Elementary school classroom in Gicumbi, Rwanda.

When most people think of Rwanda, they cannot help but remember the country’s tragic history. In a period of 100 days in 1994, over a million Tutsi were killed in what is considered one of the worst genocides of the 20th century. Today, however, Rwanda is better thought of as a country of warm, welcoming people and diverse natural beauty. Known as the land of a thousand hills, the mountainous central African country is located just 75 miles south of the equator and boasts dense, equatorial forests in the northwest and a tropical savannah in the east, with five volcanoes, 23 lakes and numerous rivers (Government of Rwanda, 2020). 

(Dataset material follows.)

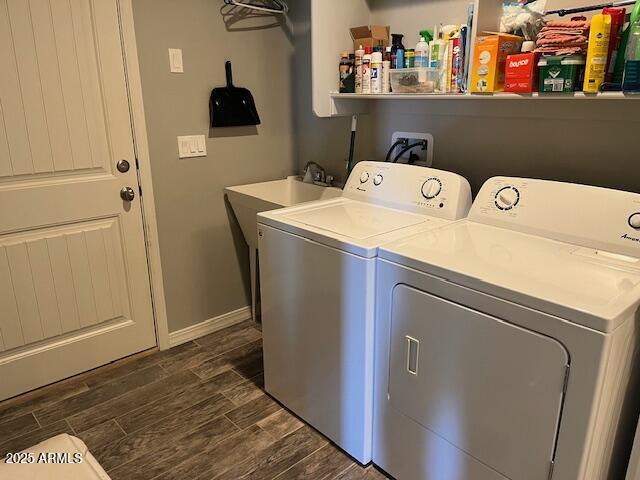 1067 N Jacobs Rd, Saint David, AZ 85630 - washroom featuring separate washer and dryer, dark wood-type flooring, and baseboards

One of the unfortunate consequences of the violence during the 1994 genocide was an increased prevalence of people with disabilities in Rwanda, a fact that has helped to shape a strong disability movement within the country (Njelesani et al., 2018). The government of Rwanda is now committed to protecting the rights of persons with disabilities, especially the right to education. This is reflected in the Special Needs and Inclusive Education Policy (2018), which  counts among its priorities the equitable access to education for students with special educational needs in mainstream and special schools. 

Children in a classroom with hands raised responding to their teacher.
Children in a classroom with hands raised responding to their teacher.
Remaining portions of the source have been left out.